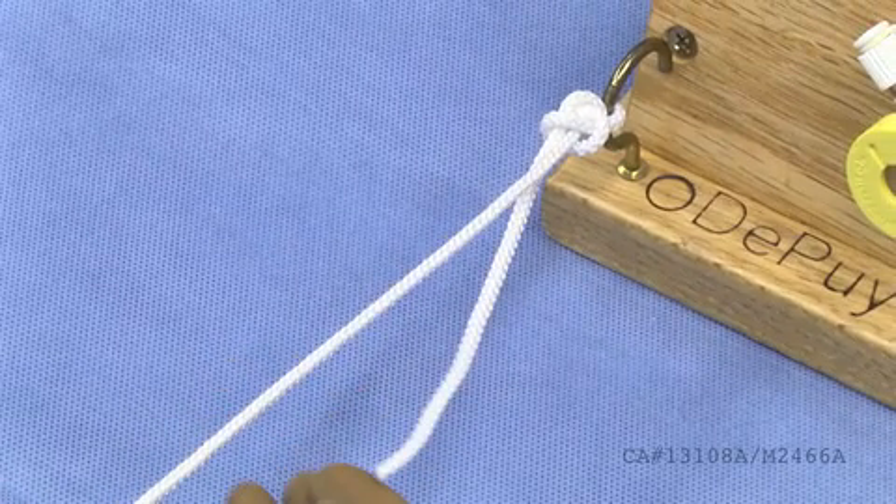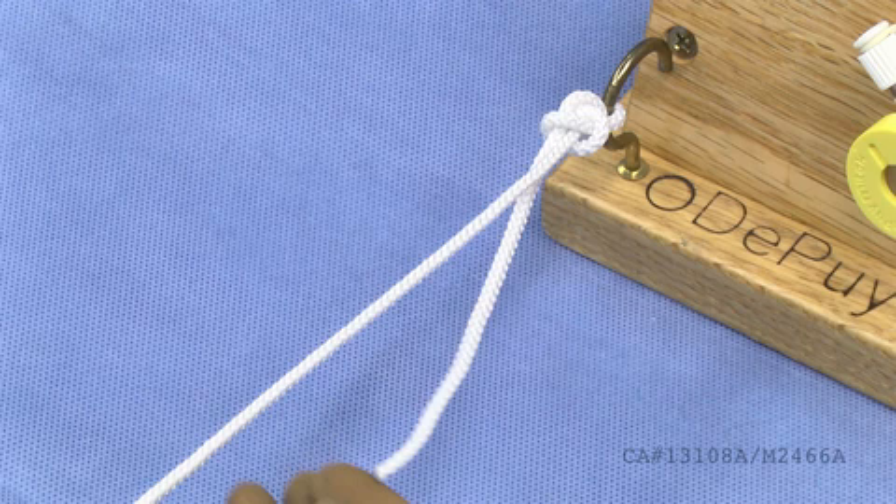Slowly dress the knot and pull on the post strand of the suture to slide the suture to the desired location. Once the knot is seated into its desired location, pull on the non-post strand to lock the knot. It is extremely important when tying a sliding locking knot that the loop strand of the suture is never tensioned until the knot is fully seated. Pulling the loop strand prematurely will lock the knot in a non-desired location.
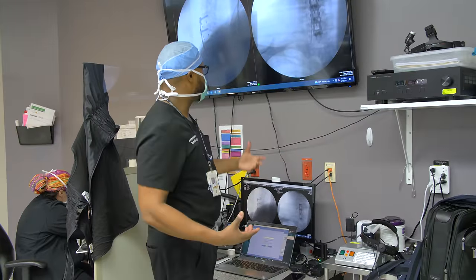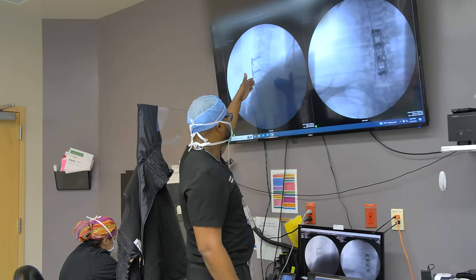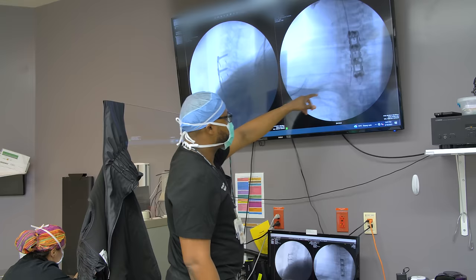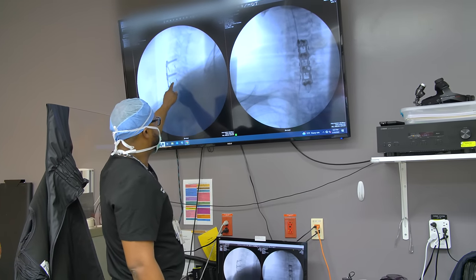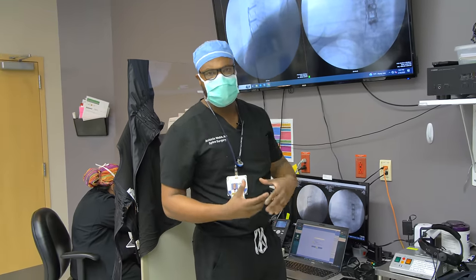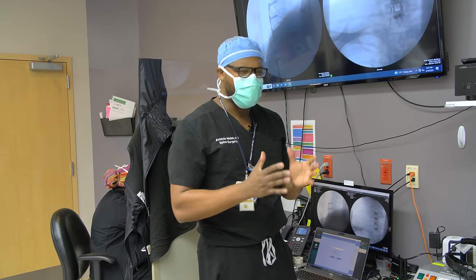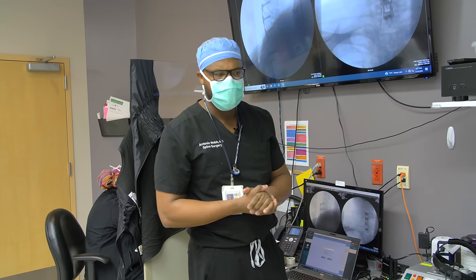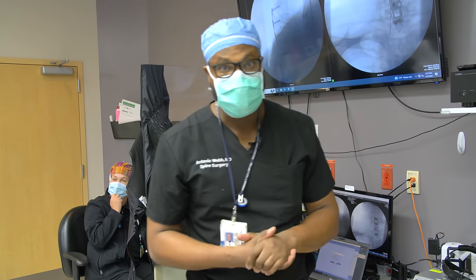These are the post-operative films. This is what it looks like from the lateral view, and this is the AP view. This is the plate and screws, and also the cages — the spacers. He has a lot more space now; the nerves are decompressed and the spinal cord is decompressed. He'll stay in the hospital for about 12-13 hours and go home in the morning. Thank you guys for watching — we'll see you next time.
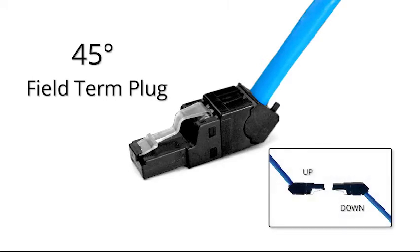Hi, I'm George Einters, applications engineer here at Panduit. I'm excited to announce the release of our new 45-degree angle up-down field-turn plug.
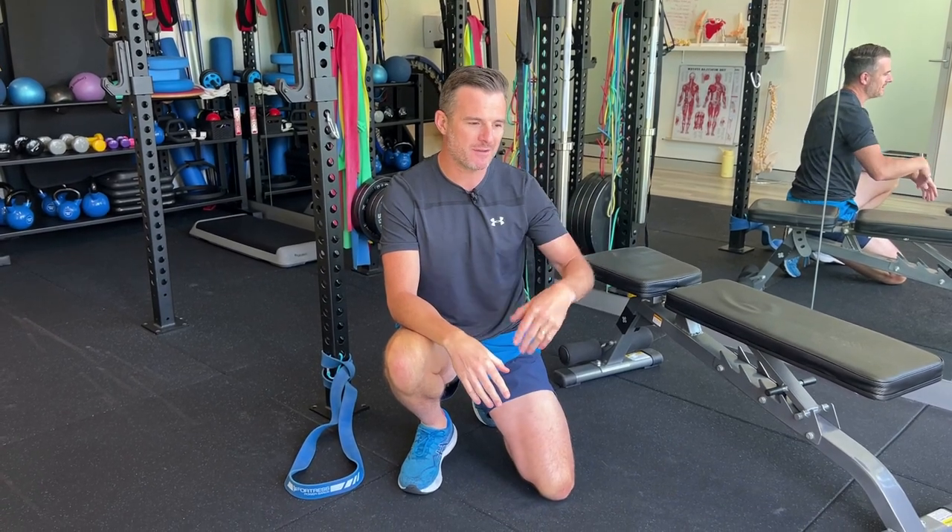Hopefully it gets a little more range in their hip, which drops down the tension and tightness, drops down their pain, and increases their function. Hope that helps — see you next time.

==

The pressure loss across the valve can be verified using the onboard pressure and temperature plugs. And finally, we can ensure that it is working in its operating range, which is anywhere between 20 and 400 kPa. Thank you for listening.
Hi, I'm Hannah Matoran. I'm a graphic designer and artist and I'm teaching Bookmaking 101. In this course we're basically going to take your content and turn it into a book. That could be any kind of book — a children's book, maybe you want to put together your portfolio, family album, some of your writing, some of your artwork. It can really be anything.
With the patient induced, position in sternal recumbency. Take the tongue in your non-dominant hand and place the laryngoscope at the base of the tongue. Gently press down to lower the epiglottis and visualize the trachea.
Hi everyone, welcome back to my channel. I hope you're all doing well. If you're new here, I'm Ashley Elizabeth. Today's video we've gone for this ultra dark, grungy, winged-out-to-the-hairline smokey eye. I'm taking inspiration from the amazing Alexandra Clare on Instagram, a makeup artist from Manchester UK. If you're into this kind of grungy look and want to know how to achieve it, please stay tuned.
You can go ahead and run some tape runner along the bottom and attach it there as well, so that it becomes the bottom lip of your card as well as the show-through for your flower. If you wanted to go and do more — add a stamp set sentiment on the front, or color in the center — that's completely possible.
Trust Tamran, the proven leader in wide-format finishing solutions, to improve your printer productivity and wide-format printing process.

==

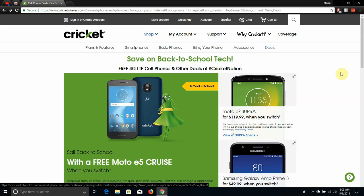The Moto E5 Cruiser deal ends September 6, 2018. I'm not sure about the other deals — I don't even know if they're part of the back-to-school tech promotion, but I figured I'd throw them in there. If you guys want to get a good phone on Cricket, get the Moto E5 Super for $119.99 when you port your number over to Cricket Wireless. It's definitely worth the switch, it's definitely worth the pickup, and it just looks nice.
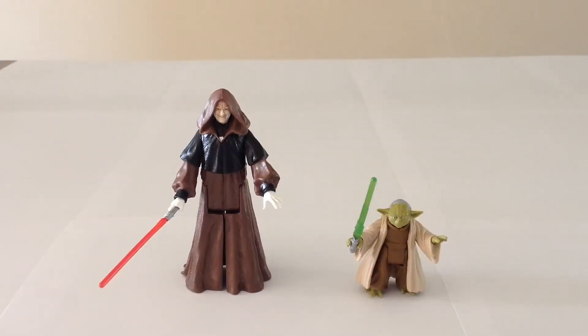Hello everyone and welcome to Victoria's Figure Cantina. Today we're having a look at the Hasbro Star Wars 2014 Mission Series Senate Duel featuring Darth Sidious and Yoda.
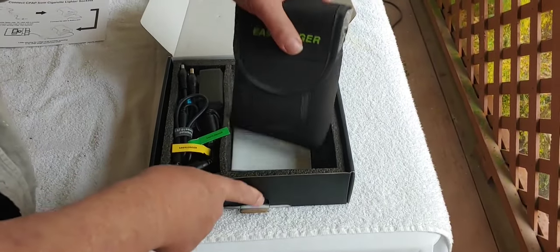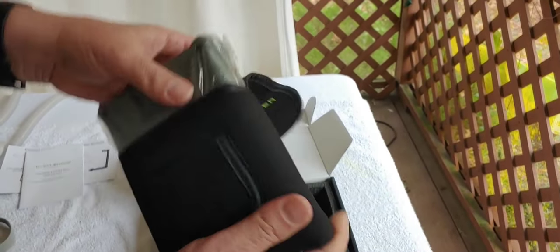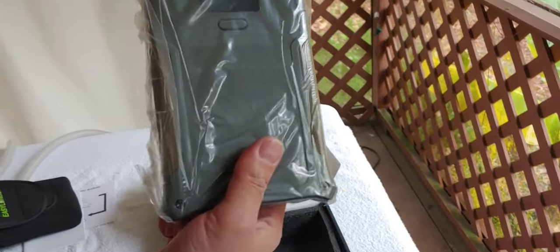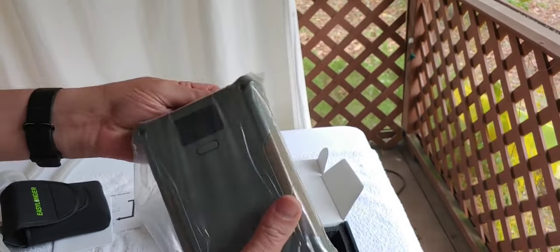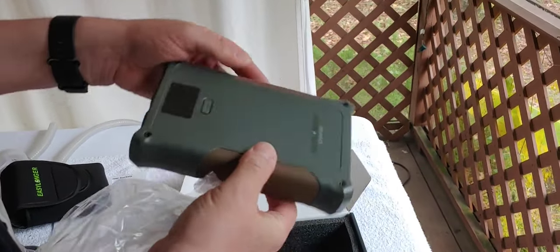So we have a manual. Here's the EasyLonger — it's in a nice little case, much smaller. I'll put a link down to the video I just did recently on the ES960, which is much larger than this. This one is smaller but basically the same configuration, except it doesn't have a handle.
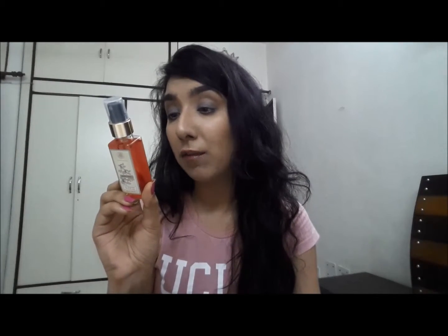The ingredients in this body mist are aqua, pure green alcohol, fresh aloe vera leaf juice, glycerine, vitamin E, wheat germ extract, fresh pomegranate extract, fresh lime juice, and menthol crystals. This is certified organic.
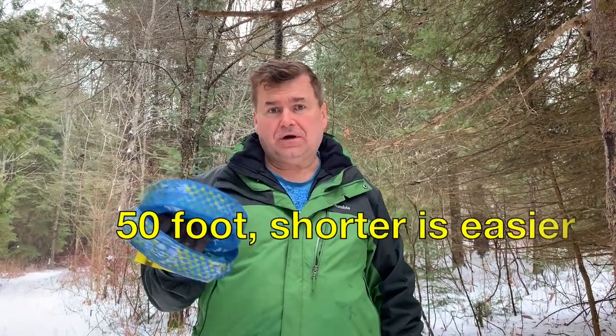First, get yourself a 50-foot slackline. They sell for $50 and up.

* [Directions for this task]: In the records above, find the line containing "The ingredients in" and the line containing "First, get yourself", then give both of them again word for word along with every line between. Omit any pictures.

* [Response box]:
The ingredients in this body mist are aqua, pure green alcohol, fresh aloe vera leaf juice, glycerine, vitamin E, wheat germ extract, fresh pomegranate extract, fresh lime juice, and menthol crystals. This is certified organic.
First, get yourself a 50-foot slackline. They sell for $50 and up.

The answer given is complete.